Resistance Deepens and Expands: The Role of Women and the UDF

Frances Baard speaking at the launch of the UDF © Rashid Lombard.
In the 1980s community, civic, student, youth, cultural, sports and women’s organisations were established all over South Africa. The formation of the United Democratic Front (UDF) in 1983, an extra-parliamentary organisation served as an umbrella organisation of anti-apartheid groups.

The UDF was launched at Mitchell's Plain in Cape Town. About 600 delegates from more than 230 organisations and a crowd of about 13 000 people converged on the area. There were delegates representing students, youth, worker, civic, women's, cultural, religious, and sport and trade union organisations. The gathering was the largest of anti-apartheid groupings since the mass meetings of the Congress Alliance in the 1950s. The initial aim of the UDF was to oppose the government's tricameral parliamentary proposals (a parliamentary system consisting of Indian and Coloured people as well as existing White government members) but in a short time it became the leading anti apartheid political movement within the country, with more than 1.5 million supporters. It mobilised nationwide resistance, led a series of boycotts, and became involved in labour issues. While the UDF was non-aligned, most of its leadership and affiliates were either members of the underground ANC or sympathetic to it, and principles of the ANC’s Freedom Charter were endorsed.

Civic organisations had been formed to support education struggles. Massive national school boycotts erupted in the townships in 1984 and 1985, with women playing a crucial role.

The freedom struggle in South Africa highlighted racial and class oppression as key causes of poverty, inequality and a lack of rights for most South Africans especially women. For the most part, men continued to dominate trade unions and other formal and informal political organisations. National structures, trade unions, student, civic and women’s organisations grew despite State repression, including states of emergency, bans, detentions and assassinations of political activists. In addition to being active in these organisations as workers, students and community activists, women also organised themselves in separate structures, in women’s forums in trade unions, and in women’s wings of liberation movements. In establishing their right as women to join trade unions and political organisations alongside men, the principle of women’s equality was established. This became an integral part of South African political philosophy when the UDF was formed.

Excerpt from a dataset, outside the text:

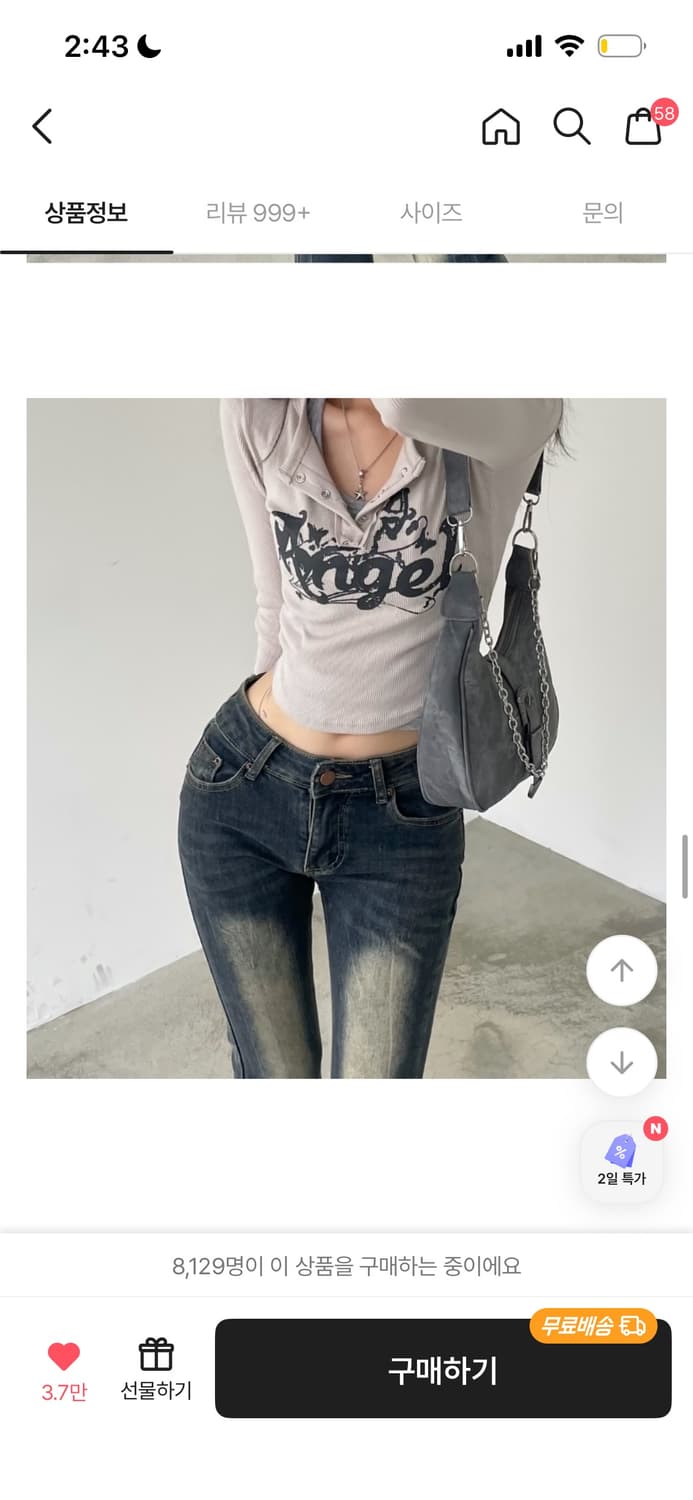 카디앤코 빈티지 체인 스톤워싱 숄더백 그레이 상품이미지2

The government held the UDF responsible for the riots that swept the country after September 3 1984 as the unrest in the Black townships grew into a nationwide uprising surpassing that of 1976. Students boycotted schools. Communities organised strikes against rent increases. September 1984 witnessed widespread disturbances against the Apartheid system in the Vaal area (now Gauteng Province) and in many other parts of the country. The southern Vaal campaign typified the new pattern of protest that grew throughout South Africa in 1984-85. It consisted of stay-at-homes, rolling mass action challenging the police patrolling the townships, and attacks on the businesses, houses, and African persons charged with collaborating with the new Community Council system.

The September 3 - Rent Boycott Incident
On September 3 1984, major protests broke out in Lekoa (the black municipal region of the Vaal which included the townships of Sebokeng, Sharpeville, Evaton, Boipatong and Bophelong). Lekoa workers were among some of the lowest paid in the country. The average rent for residents in Lekoa was R62.56, which was R10 higher than most black townships in the country and twice the national metropolitan average for blacks. In addition to the rent, all Lekoa households had to pay fees amounting to R51.20 that included electricity, service charges and a tariff for the wiring of houses.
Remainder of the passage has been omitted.